For reference, this repository includes the script prepare_data_kitti.py that we used to pre-compute correspondences for the Kitti odometry dataset. Download the grayscale data, calibration files and ground truth poses, and you can exectue

python prepare_data_kitti.py -ds <kitti_folder> -v train
python prepare_data_kitti.py -ds <kitti_folder> -v test

Note that this will overwrite our pre-computed correspondences in the traindata folder, if you have downloaded our data package.

Training NG-RANSAC

With pre-computed correspondences prepared in the folder traindata/ you can train NG-RANSAC. Training takes place in two stages: Initialization and end-to-end training.

For initialization, execute ngransac_train_init.py. This stage optimizes the KL-divergence of the sampling weights predicted by the neural guidance network, and a target distribution caclulated using the epipolar distance of a feature match to a ground truth model. The initalization is particularly useful if your data contains many outliers. In this case, end-to-end training from scratch can take a very long time, and the initialization helps to bring the neural guidance network to a useful state in a sensible time. If your data contains few outliers (e.g. if you apply Lowe's ratio filter) or if you want to train self-supervised, you can skip the initialization.

For end-to-end training, execute ngransac_train_e2e.py.

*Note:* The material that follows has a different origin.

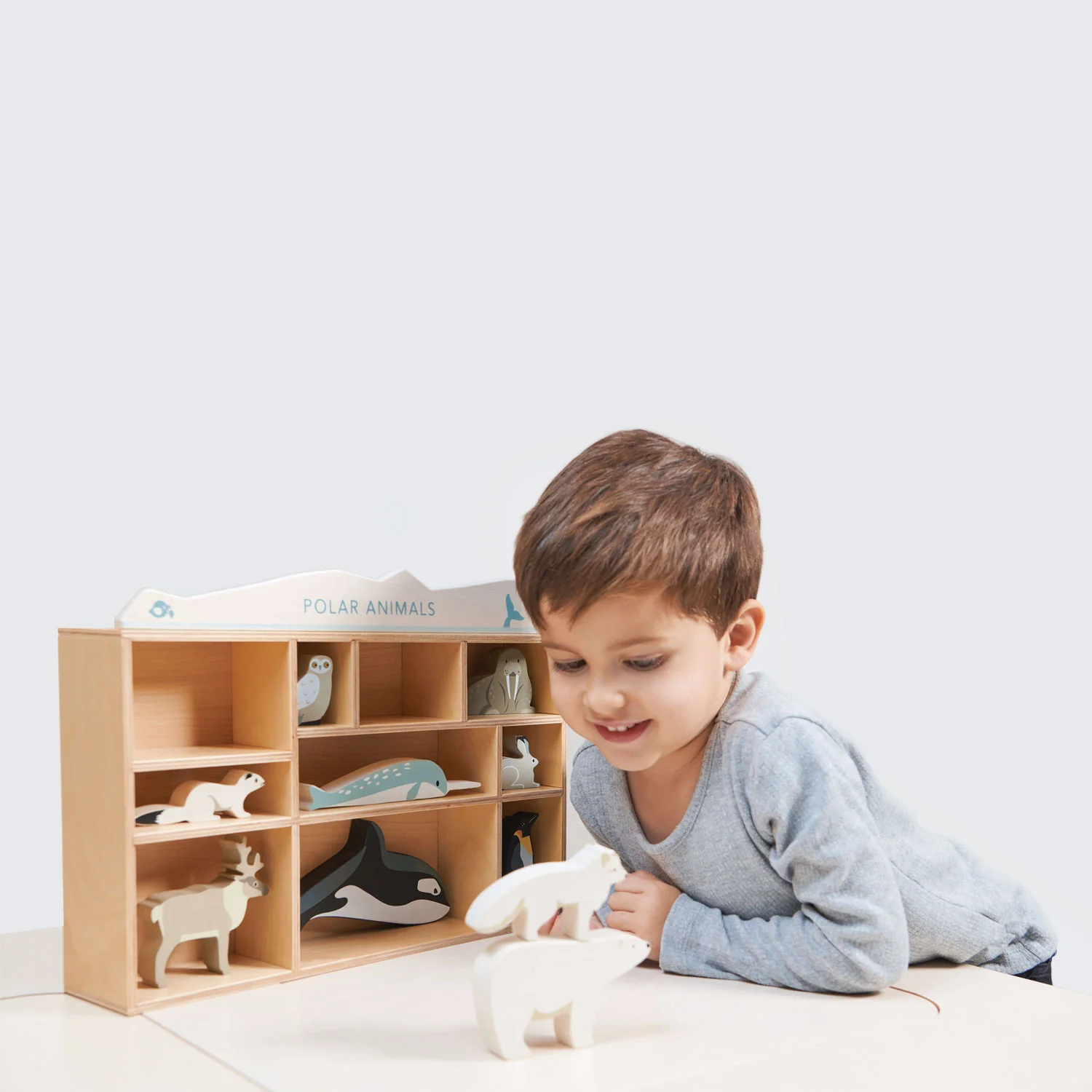 Tender Leaf set 10 animali polo legno con teca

This stage optimizes the quality of an estimated model directly, using a task loss, i.e. a loss defined on the estimated model.

Both training scripts store a log .txt file with the training iteration number, and training loss in each line. The scripts will also store the model parameters after each epoch to a .net file containing the PyTorch model state_dict.

Execute both training scripts with the -h parameter to see all command line options, and standard values. The most important parameters are:

--datasets -- a list of datasets to be used for training, separated by commata; the dataset names should correspond to folders in traindata/
-orb, -rs -- to use ORB or RootSIFT correspondences, default is SIFT; note that these options merely control which folder in traindata/ is accessed; you have to pre-compute all respective correspondences (see section above)
--model -- model file name to load and continue training, e.g. to load a model from the initialization stage for end-to-end training; if empty, the script will create a new model
--loss -- selecting the loss to use for end-to-end training. We implemented pose: the angular error of the estimated pose; f1: the overlap of inliers of the estimated model and the ground truth model (only for fundamental matrices); epi: the epipolar error of estimated inlier to the ground truth model (only for fundamental matrices); inliers: the percentage of inlier of the estimated model, this is an self-supervied loss
-fmat -- if provided, NG-RANSAC is trained to estimate fundamental matrices using the 7-point algoritm rather than essential matrices using the 5-point algorithm

For example, to reproduce our best model for essential matrix estimation, you would call:

python ngransac_train_init.py -rs -r 0.8
python ngransac_train_e2e.py -rs -r 0.8 -m weights_init_E_rs_r0.80_.net

This will train a network for essential matrix estimation using RootSIFT correspondences on the standard training sets (one indoor, one outdoor), using Lowe's ratio criterion with a threshold of 0.8, and using the (supervised) angular pose error as training loss. The resulting network will be stored as weights_e2e_E_rs_r0.80_.net.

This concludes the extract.